Exploiting perylene- and naphthalene-based planar aromatic n-type dopants for SWCNT cathodes in inverted perovskite solar cells

Abstract

Inverted perovskite solar cells (PSCs) with planar p–i–n architecture offer enhanced stability and tandem compatibility. However, their performance remains constrained by the instability and rigidity of conventional metal cathodes. Single-walled carbon nanotubes (SWCNTs) have emerged as promising alternatives owing to their conductivity, flexibility, and processability. However, their intrinsic p-type nature and low work function relative to the perovskite conduction band limit their applicability as cathodes in PSCs.

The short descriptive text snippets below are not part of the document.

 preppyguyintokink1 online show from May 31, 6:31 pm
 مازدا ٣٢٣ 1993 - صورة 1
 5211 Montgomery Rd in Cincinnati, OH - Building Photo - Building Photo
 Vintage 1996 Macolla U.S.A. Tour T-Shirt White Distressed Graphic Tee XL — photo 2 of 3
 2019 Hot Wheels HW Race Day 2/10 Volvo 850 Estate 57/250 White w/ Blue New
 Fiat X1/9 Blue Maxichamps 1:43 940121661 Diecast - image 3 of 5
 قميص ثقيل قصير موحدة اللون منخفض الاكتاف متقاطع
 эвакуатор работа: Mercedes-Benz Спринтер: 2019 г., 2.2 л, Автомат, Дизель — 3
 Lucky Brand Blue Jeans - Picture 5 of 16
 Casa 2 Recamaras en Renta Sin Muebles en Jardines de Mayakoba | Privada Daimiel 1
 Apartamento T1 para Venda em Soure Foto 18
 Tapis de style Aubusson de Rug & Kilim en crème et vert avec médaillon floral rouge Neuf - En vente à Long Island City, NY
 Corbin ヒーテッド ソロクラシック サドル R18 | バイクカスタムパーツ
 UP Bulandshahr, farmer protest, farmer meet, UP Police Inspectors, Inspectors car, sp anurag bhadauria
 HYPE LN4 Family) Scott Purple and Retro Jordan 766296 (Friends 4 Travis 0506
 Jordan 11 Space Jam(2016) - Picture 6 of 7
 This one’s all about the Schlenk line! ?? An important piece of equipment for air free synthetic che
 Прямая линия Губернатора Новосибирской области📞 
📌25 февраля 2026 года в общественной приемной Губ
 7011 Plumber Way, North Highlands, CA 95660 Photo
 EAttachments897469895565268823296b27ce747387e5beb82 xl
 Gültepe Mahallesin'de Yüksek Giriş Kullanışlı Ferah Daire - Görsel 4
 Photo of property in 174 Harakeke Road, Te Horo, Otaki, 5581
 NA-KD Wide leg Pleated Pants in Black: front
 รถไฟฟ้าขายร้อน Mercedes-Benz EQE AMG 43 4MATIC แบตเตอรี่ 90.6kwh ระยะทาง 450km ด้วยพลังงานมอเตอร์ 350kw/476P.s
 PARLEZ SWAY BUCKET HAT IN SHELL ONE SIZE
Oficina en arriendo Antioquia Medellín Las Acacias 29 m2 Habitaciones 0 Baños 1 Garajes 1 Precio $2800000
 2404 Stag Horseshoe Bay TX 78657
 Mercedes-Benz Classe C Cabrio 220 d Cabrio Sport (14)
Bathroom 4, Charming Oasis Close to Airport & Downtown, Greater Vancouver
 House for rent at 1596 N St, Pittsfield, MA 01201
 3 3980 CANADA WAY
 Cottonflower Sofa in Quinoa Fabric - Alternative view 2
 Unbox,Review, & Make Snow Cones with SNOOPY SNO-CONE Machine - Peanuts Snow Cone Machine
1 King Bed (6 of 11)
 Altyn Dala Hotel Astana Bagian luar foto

To overcome these challenges, we employed a molecular doping strategy using planar aromatic n-type dopants, to modulate the electronic properties of SWCNTs. Three π-conjugated imide-based molecules N,N′-bis[3-(dimethylamino)propyl]perylene-3,4,9,10-tetracarboxylic diimide (PDIN), its bay-substituted dibromo derivative, N,N′-bis[3-(dimethylamino)-propyl]-1,7-dibromoperylene-3,4,9,10-tetracarboxyl diimide (PDINBr₂), and the naphthalene analogue N,N′-bis[3-(dimethylamino)propyl]naphthalene-1,4,5,8-tetracarboxylic diimide (NDIN) were selected for their tunable LUMO levels, high intrinsic conductivity, and strong π–π interactions with SWCNTs. Density functional theory (DFT) calculations reveal that PDINBr₂ doped SWCNTs exhibited the formation of new unoccupied states favorable for efficient charge transfer from the electron transporting layer (ETL), supported by stable adsorption and strong orbital overlap. The doped SWCNTs were integrated as cathodes in inverted PSCs, achieving power conversion efficiencies up to 10.12%. Device characterization confirmed improved electron extraction, extended carrier lifetime, and suppressed interfacial recombination. Moreover, perylene-based dopants contributed to enhanced device stability, with unencapsulated cells retaining 80% of their initial efficiency after 800 hours under ambient light and 25% relative humidity. This work demonstrates a new strategy to use planar aromatic molecular dopants for enabling SWCNTs as cathodes and provides a pathway for scalable, metal-free electrodes in next-generation PSCs.